Ölen vatandaşlarımıza Allah’tan rahmet diliyorum. Ülke olarak hepimizin utancı olduğunu düşünüyorum!
Gezi ile ilgili çok şey var ancak yazının daha fazla uzamasını istemiyorum. Olimpiyatlar ile bağlayıp sonlandıracağım.
Maalesef olimpiyatları finalde kaybettik. Ülkemiz adına bizleri temsil eden, emek harcayan tüm herkese teşekkür ederim. 35 milyon nüfusa sahip teknoloji merkezi Japonya’nın göz bebeği Tokyo’ya kaybetmiş olmak büyük bir gurur.

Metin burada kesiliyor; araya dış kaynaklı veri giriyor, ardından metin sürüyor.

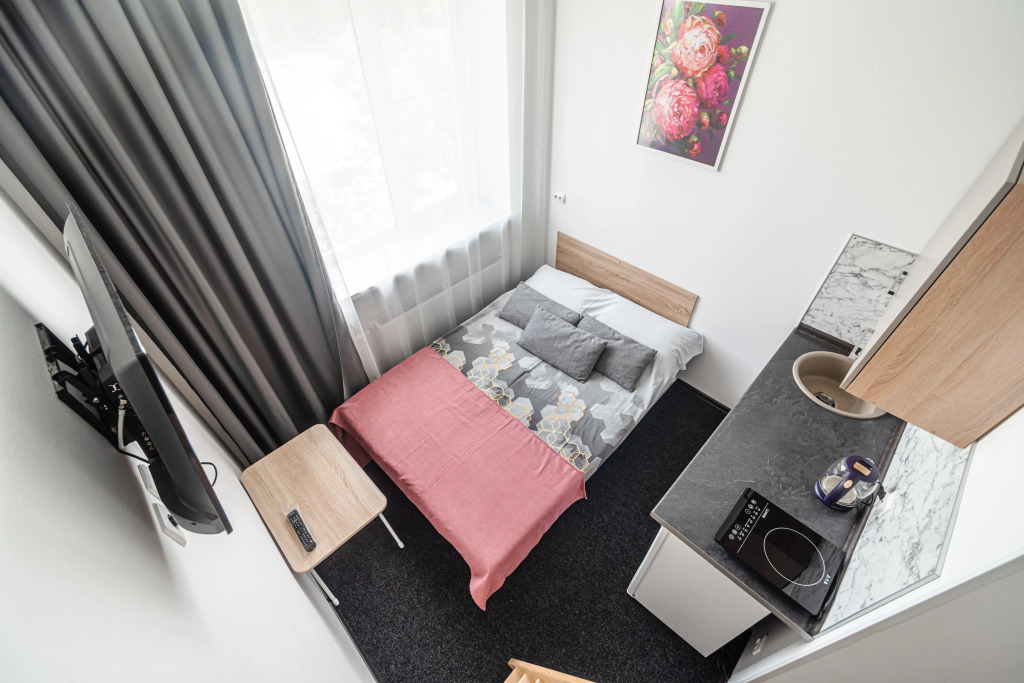 Фотография квартиры Апартаменты Нижний Ораниенбаум (301)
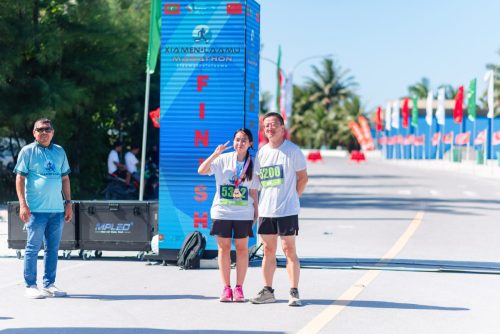 Xiamen–Laamu Marathon 2025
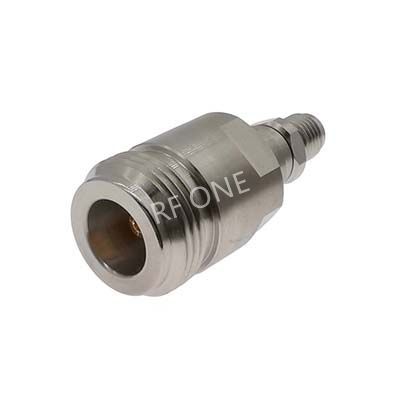 3.5mm Female to N Female Adapter 18 GHz VSWR 1.15
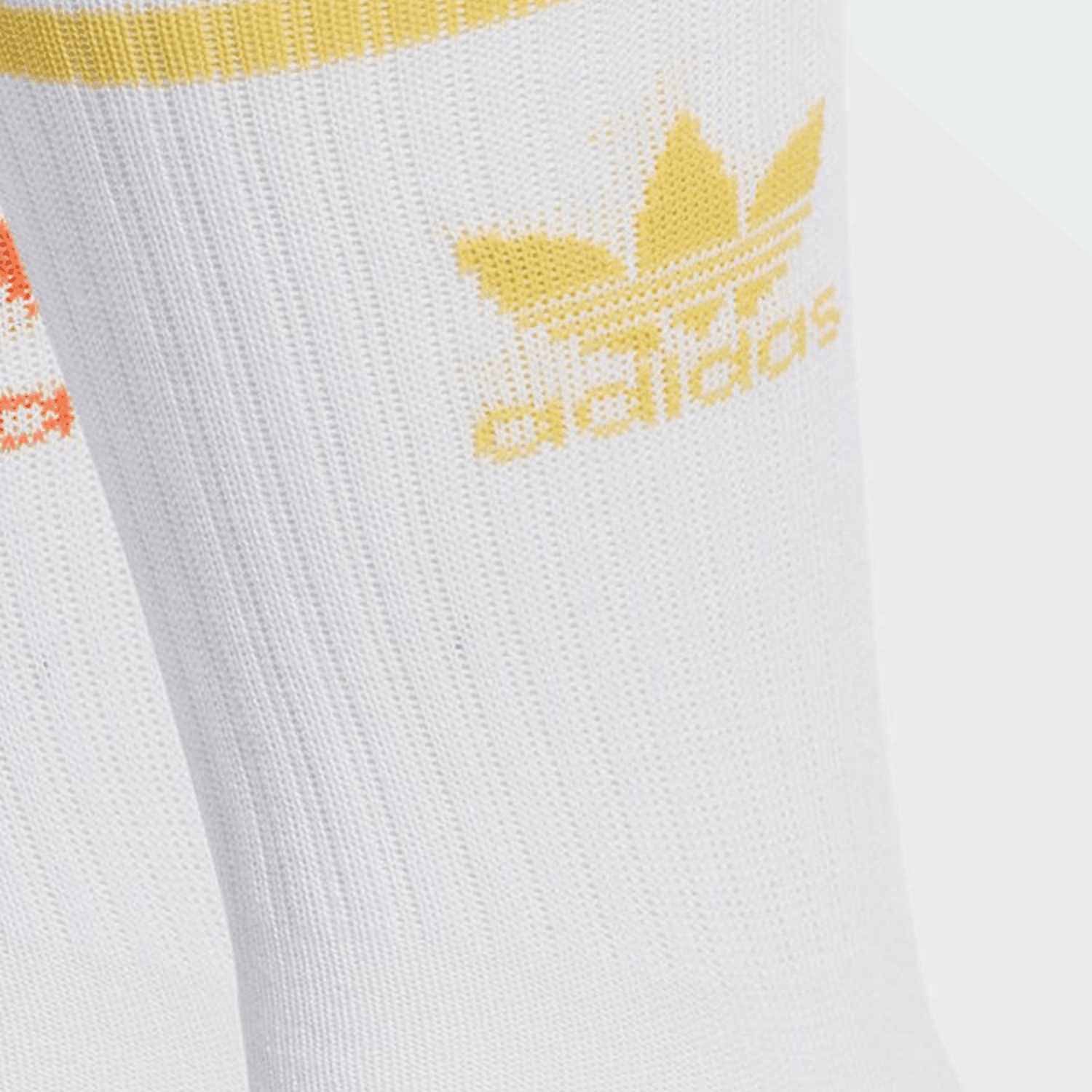 Носки adidas originals MID CUT CREW SOCKS 3 PAIRS 3 - изображение 2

Bu duruma sevinenler ne yazık ki akıl tutulması yaşıyorlar. Ekonomik açıdan eleştirip de sevinenleri bir nebze anlarım, ki buna da verilecek yanıtlar var. İkna olacaklarını da düşünüyorum. Ancak bayram havasında kutlayanların, Erk’in yenilgisi olarak görenlerin büyük bir yanlış içinde oldukları çok açık ve nettir. Birileri mutlaka uyandırmalı!
Yazılacak pek çok nokta var ancak toparlamak isterim:
- Swoboda‘nın Kemal Kılıçdaroğlu‘na randevu vermemesine sevinmek = Olimpiyatları alamamıza sevinmek.
(Kılıçdaroğlu: “Erdoğan=Esad” dediği için randevu verilmedi. Bu benzetme kabul edilir bir şey değil ancak yabancıyı ilgilendirmez, ben ülkemin insanını savunurum.) - Atılması gereken pek çok adım var. Az laf çok iş ile hep birlikte huzura kavuşacağımızı düşünüyorum.
- “Biz yaptık.” söylemi yerine “Hep birlikte yaptık” söylemi kullanılmalı.
- Güzide ülkemizin selayeti için herkes sorumlu davranmalı.
- Kimse siyasi görüşünden dolayı ayrıştırılmamalı, hakarete uğramamalı.
- Hatalarımızı kabul edebilmeliyiz, özür dilemek erdemdir.
- Ve bu ülke hepimizin, birlikte yaşayabilmeliyiz…
Hiçbir insan terörist/kötü olarak doğmaz. Onu terörist/kötü yapan bizleriz!